From Freedom of Religion to Coronavirus Denial

The U.S. government was created with the mandate to not establish any state religion or to forbid any religion. There were a couple of ways this could have gone.

Here’s one path that was not taken. The freedom of religion and the separation of religion from the state could have encouraged a widespread understanding of what a crock of malarkey religion all is. If no religion can actually persuade everyone of its claims, if people choose their various and sundry religions based on factors wholly unrelated to persuasive argument, then why not let religion fade away with other myths and superstitions?

Here’s a large part of what actually happened. The freedom of religion created the practice of respecting as beyond question multiple conflicting and contradictory dogmas because each was declared by some person or group to be their religion. The right to believe what you declare it important to you to believe is more widely cherished in the United States than is the right to a decent standard of living.

Anti-intellectualism is baked right into the U.S. conception of civil and political rights. If the world is full of religions whose adherents mostly acquired their “beliefs,” not through any awareness of reasons to believe them but through what family they were born into, then something must be done to salvage the respectability of religion.

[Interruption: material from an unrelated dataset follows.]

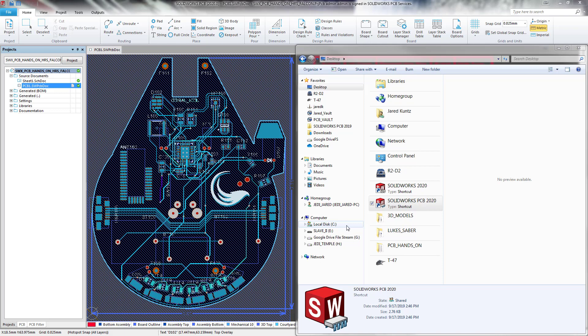This video covers how to ensure that SOLIDWORKS PCB users in a server client installation configuration have the appropriate Windows permissions on the SOLIDWORKS PCB services folder necessary for proper use of the software and ECAD-MCAD collaboration.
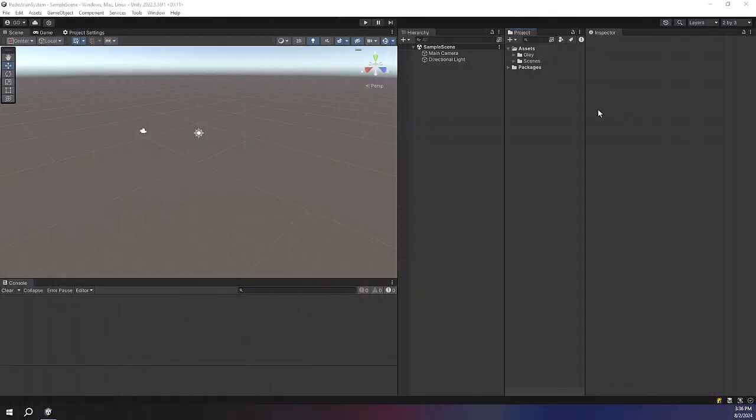Hello, in this video I will show you how to install Mobile Pedestrian System and set up the example scene that comes with the package.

In the United States, people have tried everything. Countless crackpots have invented their own religions, claiming magical revelations rather than inherited teachings. Millions of mushy-headed mean-wellers have discovered something or other that all religions have in common, for the purpose of thereby declaring them all to be true — but, of course, the only thing that they all have in common is the practice of claiming to “believe” stuff for no good reason (quite an odd foundation for claiming to believe all of them). And mostly, a society has simply been developed in which it is each person’s treasured prerogative to assert his or her “belief” in anything at all, and the height of rudeness, insensitivity, or even bigotry to challenge the claims of others — especially, most importantly, the claims that appear the most ludicrous.

This is a different feature of U.S. society than the oft-lamented over-abundance of information that famously makes it difficult to know which news sources to believe. It’s a different, though not unrelated, problem from that of irresponsible public figures promoting fantastic or fascistic ideas. What makes U.S. society so open to nonsensical claims is its longstanding practice of telling itself that belief is a choice, like what clothes to put on in the morning is a choice. Should I believe the Republicans’ BS or the Democrats’ BS? It’s a style preference. The important thing is to go to the best church and to declare my “belief” for what the pastor says in that church. No pastor can be complete without a proper flock.

And so, in the nation doing the very worst among wealthy nations on earth at handling the Coronavirus (apart from Sweden which has consciously tried not to handle it), many people are determined to believe it doesn’t exist, or doesn’t spread, or can’t be asymptomatic, or doesn’t kill, or is easily blocked by wearing a mask around your neck but not your face. Pick what you want to do, what you’re tired of, what you long for. Declare your “beliefs” accordingly. Locate  the suitable “journalism” and “science” that you can pretend motivated your “beliefs.” And raise holy hell if anyone questions your right to believe what you want to believe when you’re obviously not harming them.

Except that, of course, you are harming them by helping to spread a deadly disease. People who sign up for tickets to a Trump rally in order to not use them and leave seats empty probably do more for the public health (diminishing both a disease pandemic and a fascism pandemic) than people who appeal to verifiable information in an effort to persuade others about the spread of the disease. Yet facts are not utterly impotent. Informing and persuading people with what we know and why it matters is both what we need to do in the current situation and what we need to encourage everyone to try to do in every situation.

Of course, the fact that the United States is doing worse in this pandemic than other countries runs up against the more-or-less religious belief that the United States always does better than other countries, but ridding people of that notion could be a big added benefit of asking them to try thinking intelligently right about now.